Avrupa, teknolojik düzenlemede öncü bir rol oynamaktadır (GDPR, DMA, DSA ve Yapay Zeka Yasasının gösterdiği gibi), ancak henüz yeni teknolojilerin büyük ölçekte geliştirilmesi ve uygulanmasında öncü bir rol oynamamaktadır. Avrupa’nın düzenleyici karmaşıklığı ve farklı üye devletlerdeki kanunların düzensizliği çoğu zaman şirketleri Avrupa’da yeni ürünler piyasaya sürmekten caydırıyor. Meta, Google ve diğerleri yapay zeka asistanlarının Avrupa’da piyasaya sürülmesini ertelediler ve hatta Volkswagen gibi başarılı Avrupalı ​​şirketler bile yapay zeka ürünlerini Amerika Birleşik Devletleri’nde geliştirmek ve piyasaya sürmek için giderek daha fazla uzaklaşıyor. Yapay zekanın ABD ve Çin’de hızla yayılmasıyla birlikte bu süper güçler ile AB arasındaki uçurum giderek artıyor.

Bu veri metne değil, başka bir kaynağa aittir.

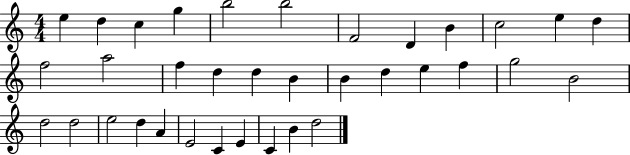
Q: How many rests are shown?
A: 0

Avrupa rotayı nasıl değiştirebilir?

Temel yapay zeka modellerinin temelini oluşturan altyapı son derece pahalı ve enerji yoğundur. Ancak yapay zeka modellerinin, özellikle de açık kaynaklı modellerin dağıtılması ve özelleştirilmesi, Avrupalı ​​işletmelere, yeni kurulan şirketlere ve araştırmacılara, normalde kendi başlarına geliştiremeyecekleri araçlara erişim olanağı sağlayacak. Avrupa’da birinci sınıf yetenekler üreten üniversitelerin yüksek standartları ve büyük araştırma ve geliştirme kapasitemiz sayesinde, insanların bu yeni ve güçlü teknolojiyi deneyimleyebilecekleri uygulamalar ve hizmetler yaratarak yapay zeka uygulamasında dünya liderleri haline gelebiliriz.

Avrupa en büyük gücünden yararlanmıyor: 450 milyon tüketiciden oluşan tek pazar. Avrupalı ​​liderler, ana hedeflerinden birinin Avrupa’nın teknoloji sektöründe ABD ve Çin ile rekabet edebilmesi olduğunu defalarca vurguladılar; arzuları bir sonraki Silikon Vadisi’nin Avrupa topraklarında doğması. Bu tutkuyu paylaşıyorum. Gururlu bir Avrupa vatandaşı olarak, bir sonraki Meta’nın, Alibaba’nın veya Google’ın kıtamızda doğduğunu görmeyi çok isterim. Gerekli tüm bileşenlere sahibiz: büyük bir tüketici pazarı, harika üniversiteler, birinci sınıf yetenek ve deney ve yenilik geçmişi.

Dijital tek pazar yetersiz

Ancak tüm düzenleyici aktivizme rağmen (2019’dan bu yana 77 yeni AB dijital mevzuatı kabul edildi) Dijital Tek Pazar’ı yeterince sunma konusundaki başarısızlığımız nedeniyle geride kaldık. Örneğin, Amsterdam’daki bir dijital startup’ın dünya kıtasında faaliyet gösterebilmesi için hâlâ 27 farklı fikri mülkiyet kanunu, çeşitli içerik lisanslama düzenlemeleri, veri koruma yetkilileri ve diğer engelleri aşması gerekmesi şaşırtıcıdır.

1990’larda genç bir insan olarak Brüksel’de geçirdiğim yıllar boyunca, tek pazar büyük bir iyimserlik kaynağıydı. Eşim Miriam’la tanıştığım College of Europe’da okudum ve küreselleşmenin ve Avrupa entegrasyonunun en parlak döneminde Avrupa Komisyonu’nda görevli oldum. Berlin Duvarı yıkılmıştı, Avrupa Tek Senedi konsolide ediliyordu, Maastricht Antlaşması yeni imzalanıyordu ve DTÖ (Dünya Ticaret Örgütü) faaliyete geçmişti. Dünyanın bir araya geldiği 1990’ların sonu ve 2000’lerin başında Avrupa Parlamentosu üyesiydim ve işbirliği, açıklık ve katılım konusundaki bu olağanüstü deneyim olan AB, bu iyimserliğin simgesiydi.